Türkiye'nin çağı yakalaması ancak bu tehdit algısının değişmesi ile olur. İç tehdit algısı değiştiği zaman Türkiye süper bir güç haline gelir." ifadelerini kullandı. İç tehdit unsurlarının somutlaştırılmasının önemi üzerinde duran Tarımcıoğlu şöyle devam etti: "Ucu açık, ne olduğu belli olmayan ifade ve göndermeler doğru değil. İç tehdit algılaması çoğu zaman provokatif ve hayali tezlere dayanarak hazırlandı. Hayali bir irtica söylemi ile
dindar insanlar bile töhmet altında bırakıldı. Bölücülük yine hakeza. Çünkü bu konuda da halkın bir talebi yok, ortada bir
terör örgütü var. Bu
terör örgütünün ayrıştırılması lazım. Yine eskiden komünizm tehdidiyle oluşturulmuş bir solculuk tehdidi var. Tüm bunların somutlaştırılması gerekiyor.
İrticadan kasıt hangi örgütlerdir? Aşırı sol veya bölücü unsurlardan kasıt hangi örgütlerdir?"
Emekli
Tuğgeneral Adnan Tanrıverdi,
Ceza Kanunu'nda suç olan maddelerin bu belgede zikredilmesinin yanlış ve gereksiz olduğuna dikkat çekti. Tanrıverdi, "Yasalarda suç olarak belirlenen şeylerin bu belgede yer alması farklı kurumları bu örgü veya yapılara karşı farklı bir ilgiye sevk ediyor. Fişleme türü şeyler çıkıyor karşımıza. O belgenin içeriğinde bunları tehdit olarak belirlemek doğru değil. Dolayısıyla iç tehdit unsurunun Milli Güvenlik Siyaset Belgesi'nden tamamen çıkarılması gerekiyor." değerlendirmesinde bulundu.

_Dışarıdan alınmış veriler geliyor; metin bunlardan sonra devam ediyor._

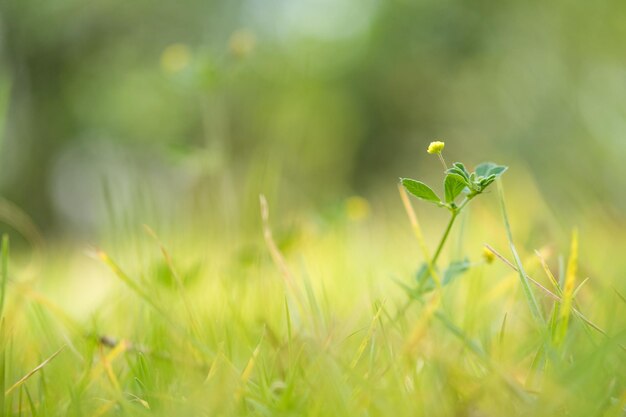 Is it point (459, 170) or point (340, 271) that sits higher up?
point (459, 170)

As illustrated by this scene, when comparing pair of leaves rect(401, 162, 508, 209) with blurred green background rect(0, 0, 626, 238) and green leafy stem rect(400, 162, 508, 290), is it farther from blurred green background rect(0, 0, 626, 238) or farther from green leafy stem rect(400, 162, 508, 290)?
blurred green background rect(0, 0, 626, 238)

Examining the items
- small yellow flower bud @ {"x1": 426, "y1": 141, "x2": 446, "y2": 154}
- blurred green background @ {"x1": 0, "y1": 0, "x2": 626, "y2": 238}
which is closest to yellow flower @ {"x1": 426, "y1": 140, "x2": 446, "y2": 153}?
small yellow flower bud @ {"x1": 426, "y1": 141, "x2": 446, "y2": 154}

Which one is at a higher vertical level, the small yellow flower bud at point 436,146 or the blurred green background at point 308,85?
the small yellow flower bud at point 436,146

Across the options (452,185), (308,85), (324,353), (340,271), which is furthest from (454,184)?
(308,85)

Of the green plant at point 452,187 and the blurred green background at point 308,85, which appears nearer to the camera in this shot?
the green plant at point 452,187

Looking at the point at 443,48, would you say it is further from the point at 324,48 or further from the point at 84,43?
the point at 84,43

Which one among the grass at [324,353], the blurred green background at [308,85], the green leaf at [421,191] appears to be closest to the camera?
the grass at [324,353]

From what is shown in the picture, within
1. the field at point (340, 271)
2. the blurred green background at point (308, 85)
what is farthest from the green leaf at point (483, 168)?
the blurred green background at point (308, 85)

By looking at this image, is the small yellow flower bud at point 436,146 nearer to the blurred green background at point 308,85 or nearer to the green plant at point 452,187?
the green plant at point 452,187

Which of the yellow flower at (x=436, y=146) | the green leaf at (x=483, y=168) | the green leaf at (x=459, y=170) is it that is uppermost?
the yellow flower at (x=436, y=146)

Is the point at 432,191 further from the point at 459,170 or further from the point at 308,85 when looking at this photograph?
the point at 308,85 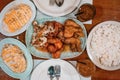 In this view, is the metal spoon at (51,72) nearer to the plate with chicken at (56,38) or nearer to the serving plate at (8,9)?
the plate with chicken at (56,38)

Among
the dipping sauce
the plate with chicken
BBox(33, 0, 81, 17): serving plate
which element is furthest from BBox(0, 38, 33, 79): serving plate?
the dipping sauce

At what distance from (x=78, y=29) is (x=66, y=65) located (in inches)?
7.5

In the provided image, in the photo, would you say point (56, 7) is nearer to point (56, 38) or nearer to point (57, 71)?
point (56, 38)

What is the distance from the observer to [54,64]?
4.46ft

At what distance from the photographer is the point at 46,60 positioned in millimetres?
1356

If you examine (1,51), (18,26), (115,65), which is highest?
(18,26)

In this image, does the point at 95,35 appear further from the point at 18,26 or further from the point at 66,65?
the point at 18,26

Tanrıverdi, Milli Güvenlik Siyaset Belgesi'nin hükümetin
Meclis'ten güvenoyu almış programına uygun olarak hazırlanmasını istedi.
Uluslararası Stratejik
Araştırmalar Kurumu (
USAK) Başkanı
Sedat Laçiner de belgenin halka iyi bir şekilde anlatılması gerektiğini vurguladı. Demokratik ülkelerde belgenin kamuoyu ile paylaşıldığını belirten Laçiner, "Belgenin içeriği ve uygulamaları hakkında hükümetin yanı sıra Meclis de bilgi sahibi olmalı." görüşünü savundu.